Today, with the cost of a typical system running $18,300 before the tax credit and incentives, two-thirds of homeowners have purchased their systems. Third-party ownership will reduce your electric bills, but buying your system will maximize the financial benefit. With third-party ownership, the solar firm benefits directly from the tax credit, not you—although it may pass along a lower cost to you.
Aggarwal uses this rule of thumb: If you sign a lease or PPA, you’ll see 15% to 30% lower utility bills. But if you pay for a system with cash, you’ll enjoy 100% of the savings—after you recoup the cost of the system. (For more about financing options, see “A Homeowner’s Guide to Solar Financing: Leases, Loans and PPAs” at cesa.org under “Resource Library.”)
If you want to finance your system, tapping a home-equity line of credit is a good way to do it. In mid June, the national average interest rate on a HELOC was 7.3%, according to Bankrate.com.
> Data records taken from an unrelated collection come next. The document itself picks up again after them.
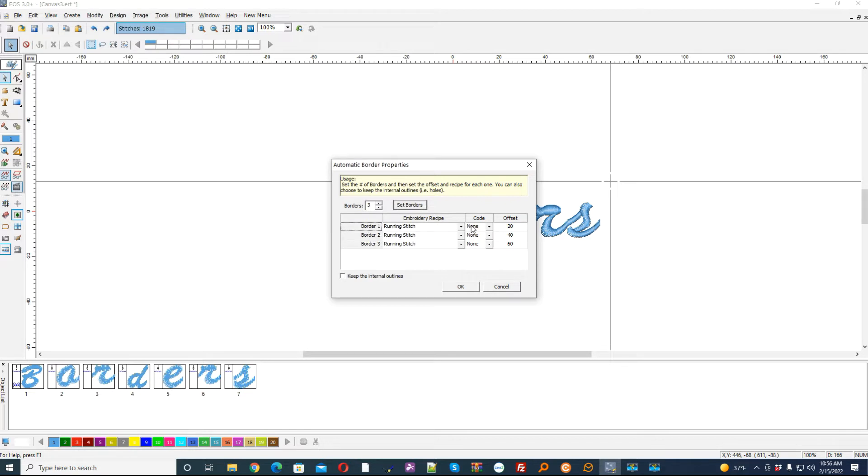I want the first one to be at 20, the second one I'm going to put to 50, and then the next one I'm going to go to 80. I'm going to make this one a satin line and we're going to leave those two at running stitches for now.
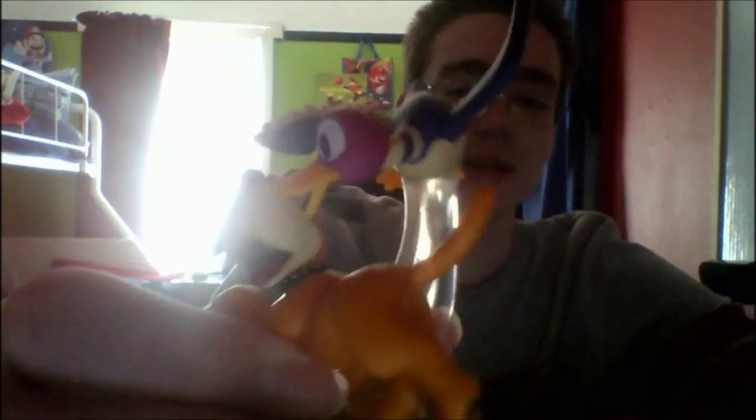As you guys know, in the previous amiibo unboxing video I did, I was showing off the two new amiibos. I'm just going to grab them out right now. Here's the first one — it is Mr. Game and Watch. Pretty cool amiibo, and also the Duck Hunt Duo. Heck yeah, pretty cool. So these are the two previous amiibos that I got last time.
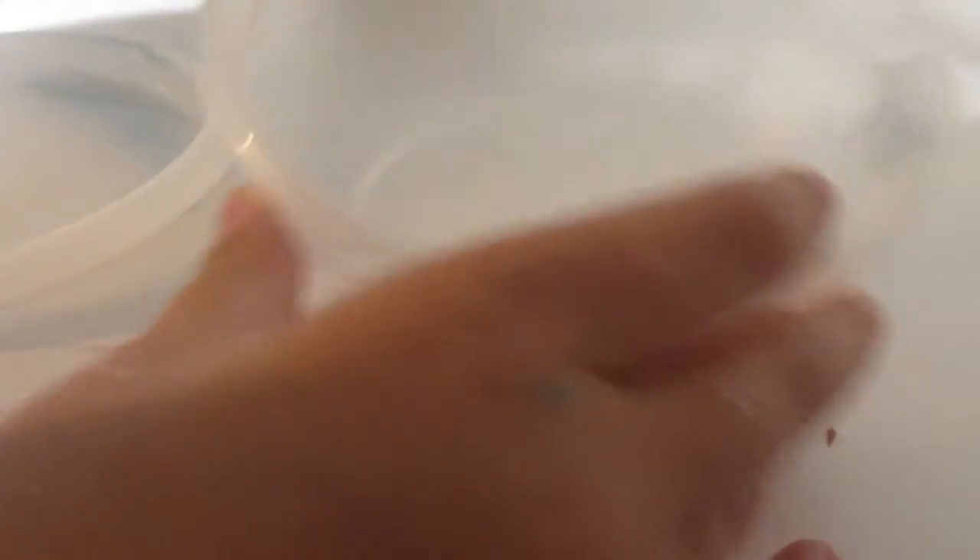So this one is the first one we did and it turned out really nice. It's just super soft and the glitter in it is really nice - it's very, very bubbly, and I love bubbly slime. So that is that one.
The debt is deductible because it’s secured by your home and the panels are a substantial home improvement (interest on mortgage debt of up to $750,000 is deductible on your federal return if you itemize).
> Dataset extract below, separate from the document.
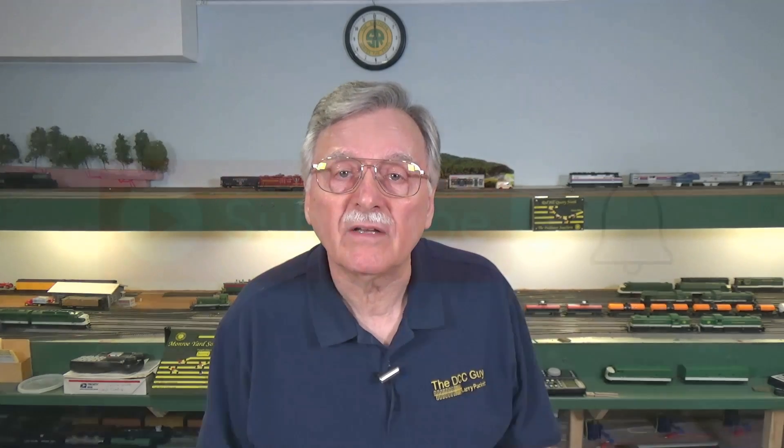Before we go on, I want to ask you to take a moment to subscribe to the channel. It's simple, easy, and free. All you have to do is hit that little red subscribe button. And when the little bell comes up, click on it and click all.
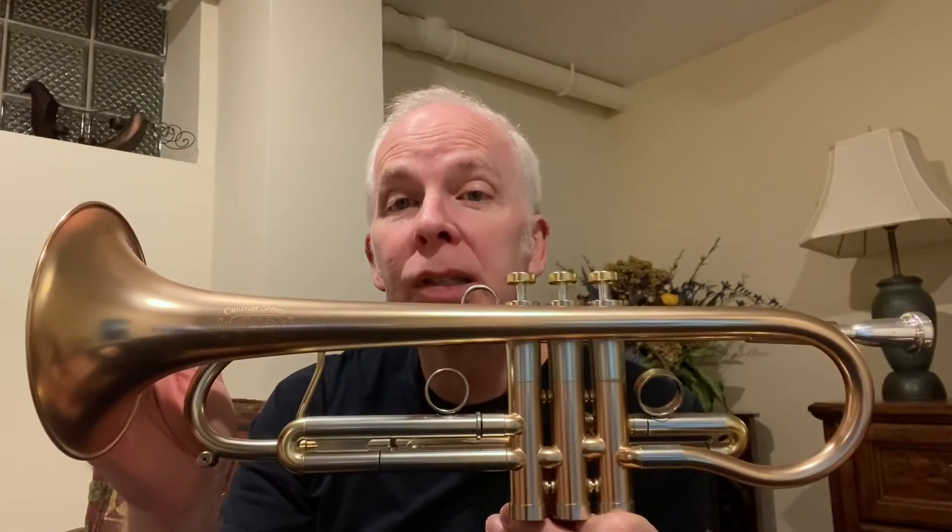Even to this day, after playing many other trumpets, this is always the one that I come back to where it just blows my mind. I'm so thankful every time I play it because it just fits me.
Over the past few years, solar loans have become widely available and cheaper. You’re most likely to get one through your installer, but lenders include banks, credit unions, specialty financing companies, manufacturers, public-private partnerships and utilities (search for lenders by state at energysage.com).
Mosaic, the largest solar lender in the U.S., recently offered fixed interest rates of 3% to 9% (on a $13,000 loan with a 10-year term), and LightStream, a division of SunTrust Bank, offered rates of 5% to 13.3% (on loans of all amounts). Solar firms typically affiliate with lenders so they can offer their customers financing. They may buy down the lender’s rate so they can provide a competitive rate, and they must pay lenders a dealer fee to offer a zero-down-payment loan. If you sign up for a solar loan through an installer, make sure you understand the terms and conditions of both agreements—the installer’s and the lender’s.
How to claim the tax credit
If you want to capture the full 30% tax credit, don’t delay. Your system must be “placed in service” by December 31, 2019, according to the tax code. At a minimum, that means your system should be installed and ready for inspection, says Randy M. Lucas, a CPA and renewable-energy tax consultant. In 2020, the credit steps down to 26%; in 2021, it falls to 22%. After that, it disappears.
You can claim the credit for solar panels you install on your primary residence or take a partial credit equal to the portion of the year that you live in your second home. You don’t have to itemize deductions. However, if you claim other tax credits, such as for the purchase of a plug-in hybrid or electric vehicle, or adoption expenses, your solar credit will be reduced by the sum of the other credits.
The larger your project, the larger your credit—but don’t do business with an installer who will help you (wink, wink) by adding costs that aren’t directly related to generating electricity, says Lucas. The credit applies to the cost of the solar panels, racking, inverters (they convert DC power produced by panels to AC power used by the house), wiring, performance monitors and installation. It also applies to the cost of light maintenance to prepare for installation, such as replacing a few shingles, or the cost of tree removal to reduce or eliminate shade on your roof. Lucas says the IRS appears to be receptive to applying the credit to battery storage. If you want to add on to an existing system, you can take the tax credit again.
You claim the federal solar tax credit on Form 5695. If your federal tax liability is less than the tax credit for which you’re eligible, you can carry over the difference to the next year. (The carry-forward of the tax credit should be available at least until 2022, but the IRS could disallow it after that, says TurboTax.)